PROBLEM TO SOLVE:
Look through the listing below for the line containing "LEXUS NX300". Copy it and each line after it up to and including the line containing "Çapraz Resort Hotel görseli", exactly, leaving out pictures.

RECORDS FOR THIS TASK:
-----
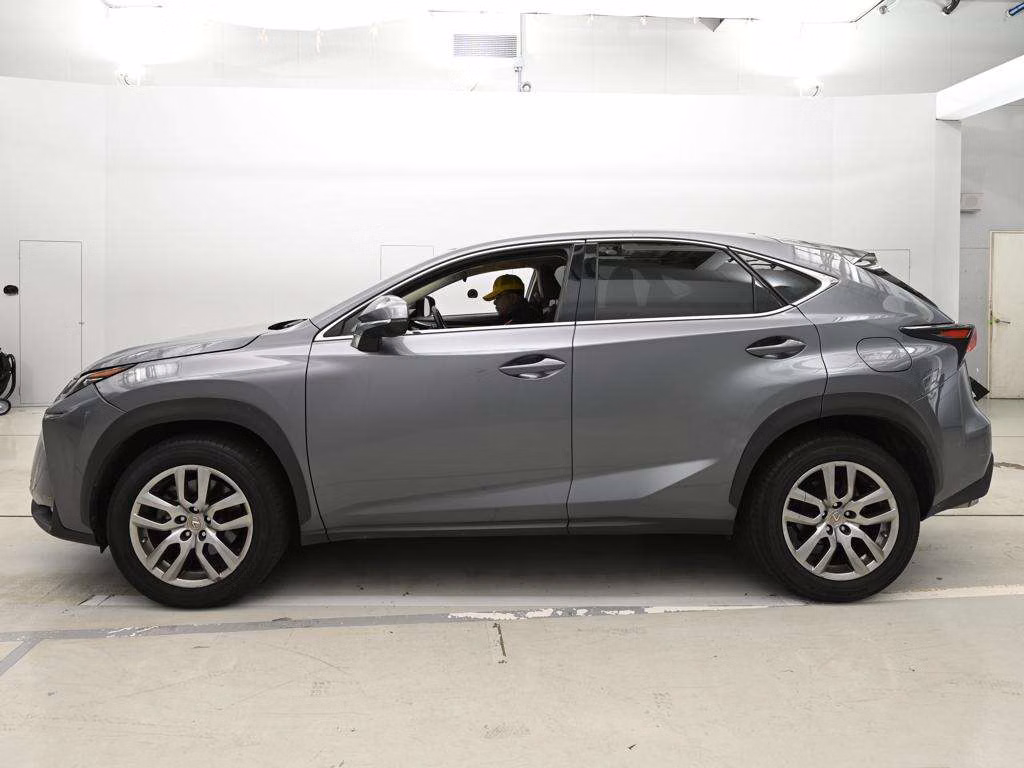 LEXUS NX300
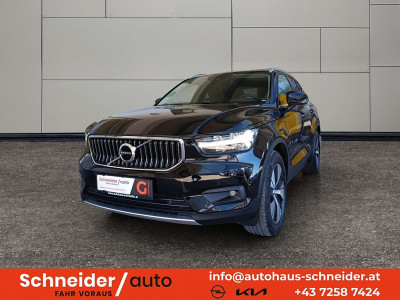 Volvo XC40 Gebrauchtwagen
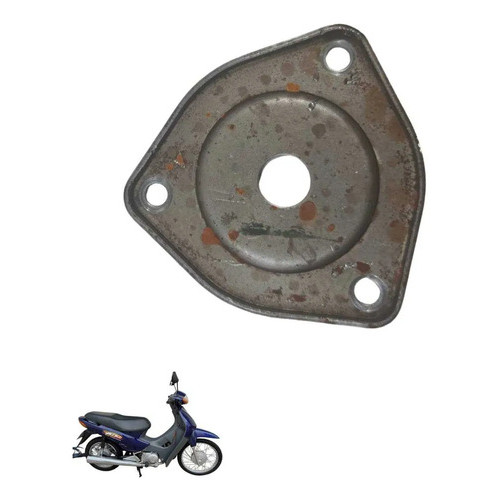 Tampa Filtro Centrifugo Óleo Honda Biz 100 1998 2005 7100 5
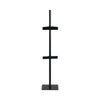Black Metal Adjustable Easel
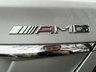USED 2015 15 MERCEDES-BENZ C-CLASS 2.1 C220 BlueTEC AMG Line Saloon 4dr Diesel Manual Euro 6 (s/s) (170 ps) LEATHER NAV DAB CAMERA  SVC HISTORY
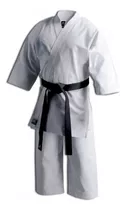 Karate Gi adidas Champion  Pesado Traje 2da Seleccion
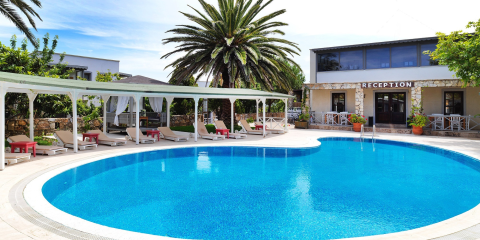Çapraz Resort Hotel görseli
-----
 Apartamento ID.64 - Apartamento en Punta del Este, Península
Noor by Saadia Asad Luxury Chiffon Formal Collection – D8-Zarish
-----
RESPONSE:
 LEXUS NX300
 Volvo XC40 Gebrauchtwagen
 Tampa Filtro Centrifugo Óleo Honda Biz 100 1998 2005 7100 5
Black Metal Adjustable Easel
USED 2015 15 MERCEDES-BENZ C-CLASS 2.1 C220 BlueTEC AMG Line Saloon 4dr Diesel Manual Euro 6 (s/s) (170 ps) LEATHER NAV DAB CAMERA  SVC HISTORY
 Karate Gi adidas Champion  Pesado Traje 2da Seleccion
Çapraz Resort Hotel görseli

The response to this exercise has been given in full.